Thanks! I think things are OK with my amp (factory upgraded to 3.2 last year), sockets work like supposed, etc, although Deoxit or similar may help perhaps. I also use some tube dampers on the drivers. However I think the frame wire rectangle idea deserves more testing. Therefore I made a version 2 today.
It turned out, with version 1, after 24 hours or so, the blutac had not really liked the heating from the top of the tubes. I could feel with my fingers, it had turned stale, sandy, no longer sticky. So even if "fresh" blutac is a fine damping material, this half-baked version - no.

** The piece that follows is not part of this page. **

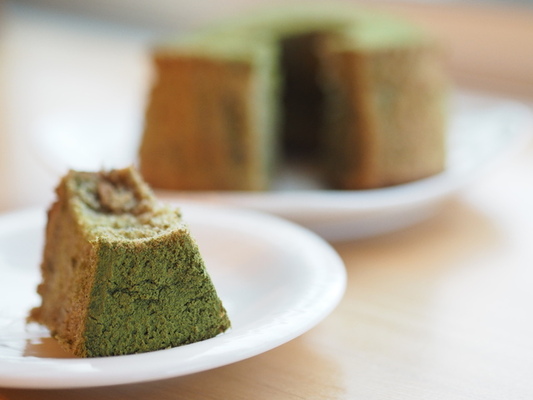 五感で楽しめる 抹茶 のお菓子でほっこり気分 女性に嬉しい栄養効果も シフォンケーキ ドリンク スコーン ニコニコニュース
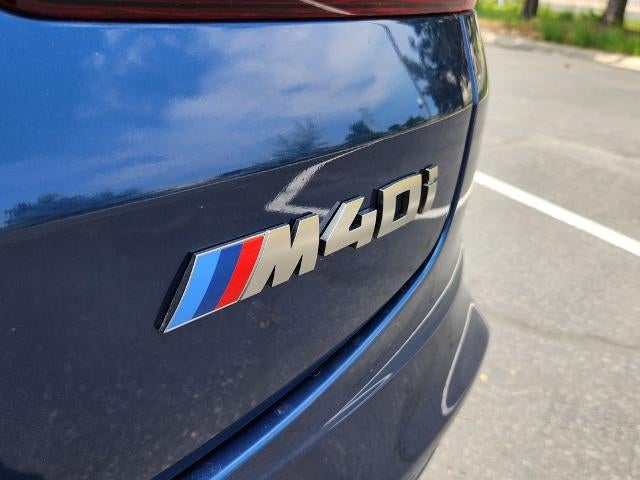 2020 BMW X4 M40i Sports Activity Coupe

The first direct blutac version of the frame gave body and coherence to the music, but I also lost treble and transients. A conclusion was "let tubes run free". My thoughts went in the same direction as Jtimothya - overdamping. And anyway I did not like the way the blutac behaved directly on the top of the tubes. I was lucky to find a set of small furniture damping pads around the house, light and round 10 x 2 mm, made of polyester, said to manage heat fairly well.
So the mk 2 version is a bit more complex: the same rectangular wire frame with blutac balls above each tube, now with the pads beneath the balls, adhesive side up. This frame with blutac/polyester "feet" sits on the tubes. My impression so far is, this is better, at least I no longer hear much of the negative effects of mk 1 (no darkening of the sound). I need to listen and adjust more, to judge. It is tricky to get each pad to rest on the top of the tube "just so". Version 2 is a light touch only, compared to the first.
As you can see I am on my way to a gold mine of sound, I should get a patent at once. Just joking! The idea with cheap tweaks like this, we can all do them, and test. They often fail but they also give added value to the community.